For champions of limited government, neither major political party offers a reasonable answer. The Democrats are a big-government party who propose to double down on the policies that have produced the weakest recovery since World War II. And the Republicans nominated a dime-store strongman who wants to use trade barriers and tariffs to return the U.S. economy to the way it was in 1978.

Those of us who don’t think that Donald Trump in any way represents them should recognize that his rise represents legitimate voter concerns that need to be addressed. Buckley reminds us that it’s a fundamental tenet of conservatism that there should be mediating structures—social clubs, churches, nonprofits—that serve as buffers between the individual and the state. Conservatives “celebrate the fact that Americans are the world’s greatest joiners.” They would agree that nonprofits do a better job in aiding the poor than welfare offices do, and that people who belong to clubs are happier than people whose chief interaction with others is through a screen.

Income immobility, Buckley argues, decreases trust and weakens civil society. People whose incomes don’t rise are less likely to trust others and less likely to blame others for their problems. They’re also less likely to vote.
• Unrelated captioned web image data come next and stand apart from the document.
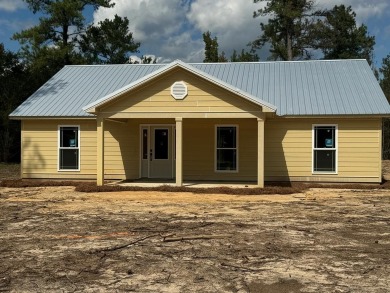 Lake Home For Sale in Vienna, Georgia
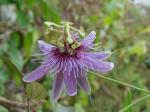Amethystblaue Passionsblume - Passiflora amethystina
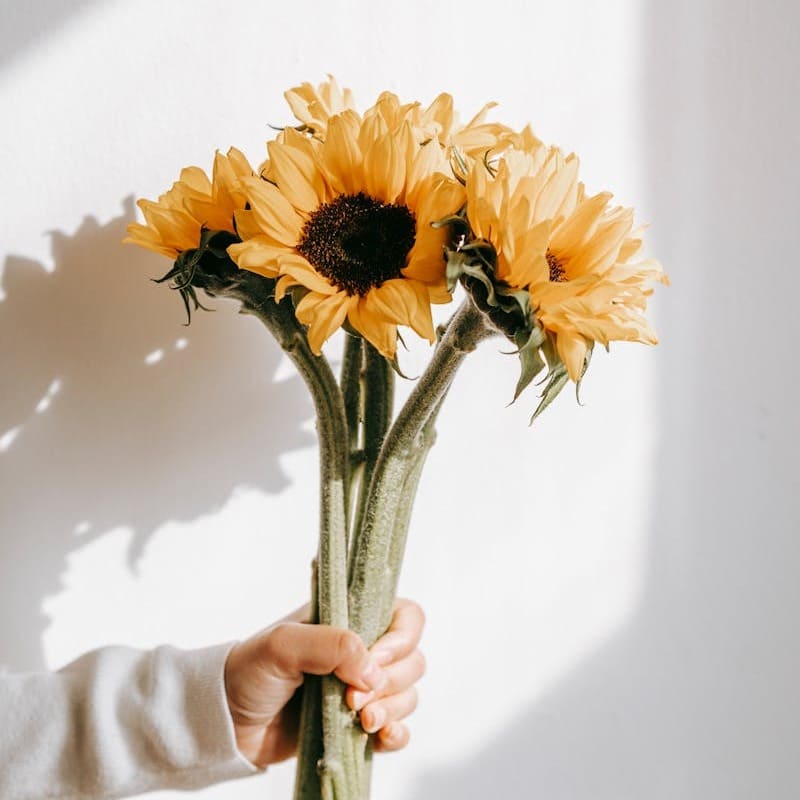 5 Flores Mais Escolhidas para o Dia das Mães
It’s also a problem that technological change is making it hard for low-skilled workers to advance. You don’t have to believe scary scenarios about how robots will become sentient and will kill us all to recognize that computers are drastically changing the labor force. A friend of mine spent the 1980s and the first half of the 1990s as a file clerk for a medium-sized health maintenance organization. She spent her days filing forms with about 15 other women, and spent much of the day chatting with the 80 percent of her brain not spent on filing. Increasing automation obliterated her job, and I think with electronic health records there are no more paper files.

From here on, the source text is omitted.